Я шел с ним по набережной Фонтанки. Вдруг указал он мне на одного порядочного человека. И когда сказал я, что в нем ничего не примечаю особенного, он ответил: «Смотри только на него». С приближением нашим щеголь поворотил в сторону и быстро вошел в мелочную лавочку. Это уже заметил и я. Граф пояснил, что вот и шпион, который за ним наблюдает. К тому прибавил: «Государь умен, истинный царь, это не значит, чтоб он в чем-нибудь мне не доверял, но ему нужно знать, где, когда, как и с кем меня видят, и полиция хотя без его приказания, но исполняет на всякий случай свое дело. Меня не так она любит, как свой долг» <…>
В России в это время, кроме Императора, едва ли кто так думал, хотя многие из страха и корысти развивали на деле эту мысль. Аракчеев слушал наушников, подобно диктатору Парагвая [437], запретил строго въезд в свои Новгородские поселения и ограничил проезд чрез грузинское имение, но в системе шпионства он не был ни образцовым мастеровым, ни страстным дилетантом. Легко можно удостовериться, что в полиции он не имел никакого действия.
<…> Граф Аракчеев имел обширную и непреклонную волю. Нелегко было достичь у него принятия не его собственной или не им самим требуемой мысли. Но единожды обнятого им предмета он уже не оставлял на ответственности предложившего и приуготовившего. Деятель был неутомимый, и хотя главное его предприятие, военные поселения, сильным общим мнением не одобрялось и было причиною неумолимого на него негодования, однако он, несмотря ни на что, и мерами слишком крутыми дал ему обширное развитие. Не наше дело одобрять или охуждать; мы заметим только, что такое дело принадлежит уже государственной науке, и под развалинами военных поселений скрывается драма времен Петра I, поучительнее и резче всех шекспировских и заставляющая обмыслить, не осталось ли чего-нибудь доброго от самого ее представления…
И. Р. Тимченко-Рубан [438]
Из воспоминаний о прожитом
Путь наш лежал через знаменитое село графа Аракчеева — Грузино. Здесь, как и везде при следовании на долгих [439], мы остановились на постоялом дворе, чтобы пообедать и накормить лошадей. Хозяйка двора, женщина молодая, стройная, красивая, высокого роста, видя, что Мина Иванович [440] заказывает для нас обед более изысканный против обыкновенного приготовлявшегося у них для проезжающих, полюбопытствовала узнать, кто мы, откуда и куда едем. Брат Степан рассказал ей историю странствования нашего по белому свету со всеми подробностями.

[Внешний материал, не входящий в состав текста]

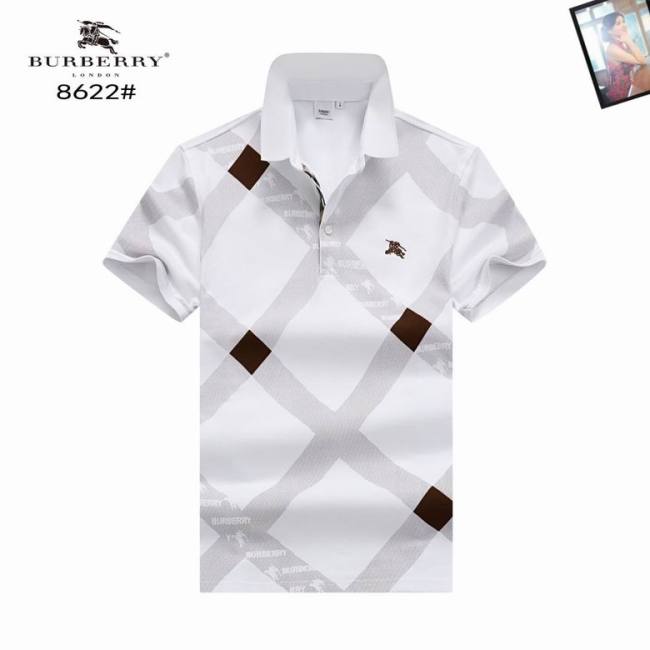 Burberry polo men t-shirt-1398(M-XXXL)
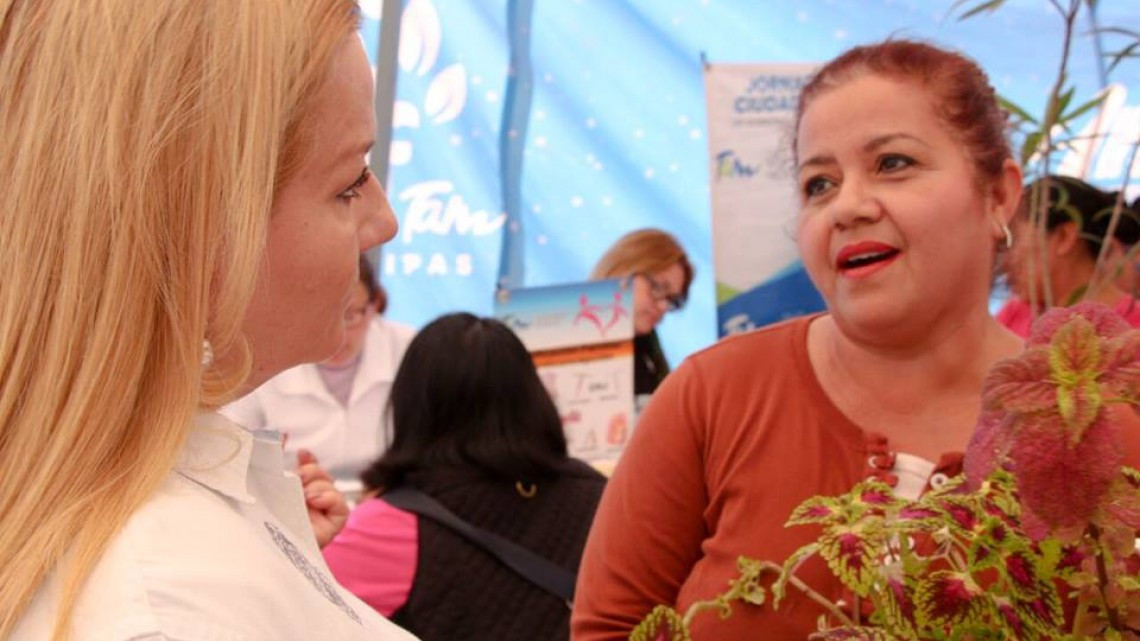 Realizan jornada Ciudadana "Un Gobierno Cerca de Ti"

Дня через три мы достигли деревни Висленева [441], крайне удивя его дочерей неожиданностью приезда. По-прежнему зажили мы припеваючи. Наступил декабрь; приехал Висленев. День нашего выезда в Малороссию назначен на 16-е число. Последние дни проводили мы как-то невесело, с сознанием неопределенности нашей дальнейшей судьбы. Вдруг вечером 15-го числа в страшную метель со стороны мельницы, мимо которой пролегала большая дорога, послышался колокольчик. Звонок слышится все ближе и ближе, и к дому подкатывает курьер в крытых санях.